--- Your assignment ---
The output should be every line below that includes the word "Wide".

--- Records to use ---
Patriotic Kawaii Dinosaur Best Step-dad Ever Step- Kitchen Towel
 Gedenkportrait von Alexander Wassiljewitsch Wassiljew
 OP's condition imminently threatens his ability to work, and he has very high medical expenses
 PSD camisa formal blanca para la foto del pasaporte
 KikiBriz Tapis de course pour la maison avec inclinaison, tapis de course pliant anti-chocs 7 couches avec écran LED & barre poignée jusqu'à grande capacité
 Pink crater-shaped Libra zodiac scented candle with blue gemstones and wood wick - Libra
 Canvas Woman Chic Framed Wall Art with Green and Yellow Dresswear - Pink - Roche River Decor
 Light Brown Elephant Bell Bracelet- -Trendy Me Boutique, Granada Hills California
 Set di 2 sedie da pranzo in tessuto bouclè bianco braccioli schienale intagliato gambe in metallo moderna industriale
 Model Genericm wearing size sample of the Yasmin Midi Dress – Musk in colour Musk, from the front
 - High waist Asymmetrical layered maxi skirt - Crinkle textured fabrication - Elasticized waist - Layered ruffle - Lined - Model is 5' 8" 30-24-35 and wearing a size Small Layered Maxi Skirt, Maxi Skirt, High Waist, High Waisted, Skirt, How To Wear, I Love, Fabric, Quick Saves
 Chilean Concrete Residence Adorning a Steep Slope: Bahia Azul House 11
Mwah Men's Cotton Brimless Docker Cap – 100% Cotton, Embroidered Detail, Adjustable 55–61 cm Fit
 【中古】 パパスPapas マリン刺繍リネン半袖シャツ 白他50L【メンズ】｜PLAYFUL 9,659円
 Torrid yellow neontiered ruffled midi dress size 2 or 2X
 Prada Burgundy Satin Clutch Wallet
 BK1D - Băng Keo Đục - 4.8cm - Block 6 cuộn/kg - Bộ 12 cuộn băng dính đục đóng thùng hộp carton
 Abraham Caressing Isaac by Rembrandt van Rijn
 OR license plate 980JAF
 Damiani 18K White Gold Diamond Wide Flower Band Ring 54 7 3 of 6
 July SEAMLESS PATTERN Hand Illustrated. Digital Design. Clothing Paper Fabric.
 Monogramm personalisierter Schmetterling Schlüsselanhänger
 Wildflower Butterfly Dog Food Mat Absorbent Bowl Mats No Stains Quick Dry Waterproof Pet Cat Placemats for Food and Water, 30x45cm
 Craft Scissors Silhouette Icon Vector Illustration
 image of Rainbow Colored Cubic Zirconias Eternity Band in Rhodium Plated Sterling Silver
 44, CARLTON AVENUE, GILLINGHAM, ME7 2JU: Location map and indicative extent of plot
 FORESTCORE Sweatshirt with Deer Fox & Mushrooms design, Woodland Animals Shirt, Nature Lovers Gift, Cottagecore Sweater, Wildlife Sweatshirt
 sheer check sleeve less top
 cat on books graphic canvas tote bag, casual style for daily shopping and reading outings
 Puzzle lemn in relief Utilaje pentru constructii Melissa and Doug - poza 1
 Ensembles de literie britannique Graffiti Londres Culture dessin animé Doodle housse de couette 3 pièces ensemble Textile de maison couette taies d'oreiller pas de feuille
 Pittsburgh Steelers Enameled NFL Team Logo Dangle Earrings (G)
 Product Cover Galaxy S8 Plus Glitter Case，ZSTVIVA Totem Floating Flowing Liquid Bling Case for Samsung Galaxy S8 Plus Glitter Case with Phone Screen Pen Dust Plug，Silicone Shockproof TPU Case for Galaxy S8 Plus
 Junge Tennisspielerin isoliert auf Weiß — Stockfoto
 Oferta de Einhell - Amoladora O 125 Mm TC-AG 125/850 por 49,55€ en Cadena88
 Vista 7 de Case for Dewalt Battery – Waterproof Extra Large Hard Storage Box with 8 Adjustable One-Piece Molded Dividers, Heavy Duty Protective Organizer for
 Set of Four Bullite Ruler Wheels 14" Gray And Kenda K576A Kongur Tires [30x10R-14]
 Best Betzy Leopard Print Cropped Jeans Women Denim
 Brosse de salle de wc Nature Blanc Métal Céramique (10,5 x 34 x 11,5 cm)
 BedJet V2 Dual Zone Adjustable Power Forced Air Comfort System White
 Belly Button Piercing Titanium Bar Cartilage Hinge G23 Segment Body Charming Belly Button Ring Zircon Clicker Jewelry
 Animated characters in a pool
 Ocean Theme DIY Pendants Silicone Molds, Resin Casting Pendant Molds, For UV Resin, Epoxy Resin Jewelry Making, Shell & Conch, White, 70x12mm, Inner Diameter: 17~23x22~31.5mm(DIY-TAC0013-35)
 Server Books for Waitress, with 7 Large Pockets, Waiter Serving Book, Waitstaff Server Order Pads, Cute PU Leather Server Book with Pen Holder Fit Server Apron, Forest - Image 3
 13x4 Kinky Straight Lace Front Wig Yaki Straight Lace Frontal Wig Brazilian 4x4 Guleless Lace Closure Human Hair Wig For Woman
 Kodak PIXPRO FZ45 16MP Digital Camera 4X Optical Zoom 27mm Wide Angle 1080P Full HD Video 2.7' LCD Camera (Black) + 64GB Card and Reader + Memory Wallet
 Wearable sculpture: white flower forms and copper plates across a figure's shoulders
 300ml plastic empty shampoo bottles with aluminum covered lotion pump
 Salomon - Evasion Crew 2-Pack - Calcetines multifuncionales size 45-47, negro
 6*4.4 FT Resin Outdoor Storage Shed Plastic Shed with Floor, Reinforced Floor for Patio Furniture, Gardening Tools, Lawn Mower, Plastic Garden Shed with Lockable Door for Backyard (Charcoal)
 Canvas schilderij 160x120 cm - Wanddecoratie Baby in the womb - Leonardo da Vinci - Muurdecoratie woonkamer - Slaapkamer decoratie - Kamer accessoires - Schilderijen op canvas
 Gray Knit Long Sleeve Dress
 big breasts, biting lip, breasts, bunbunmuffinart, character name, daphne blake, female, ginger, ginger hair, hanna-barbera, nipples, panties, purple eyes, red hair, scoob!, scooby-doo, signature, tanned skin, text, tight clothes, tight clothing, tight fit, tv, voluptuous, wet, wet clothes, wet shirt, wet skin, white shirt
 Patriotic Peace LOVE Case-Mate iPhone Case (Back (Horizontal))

--- Exercise solution ---
 Damiani 18K White Gold Diamond Wide Flower Band Ring 54 7 3 of 6
 Kodak PIXPRO FZ45 16MP Digital Camera 4X Optical Zoom 27mm Wide Angle 1080P Full HD Video 2.7' LCD Camera (Black) + 64GB Card and Reader + Memory Wallet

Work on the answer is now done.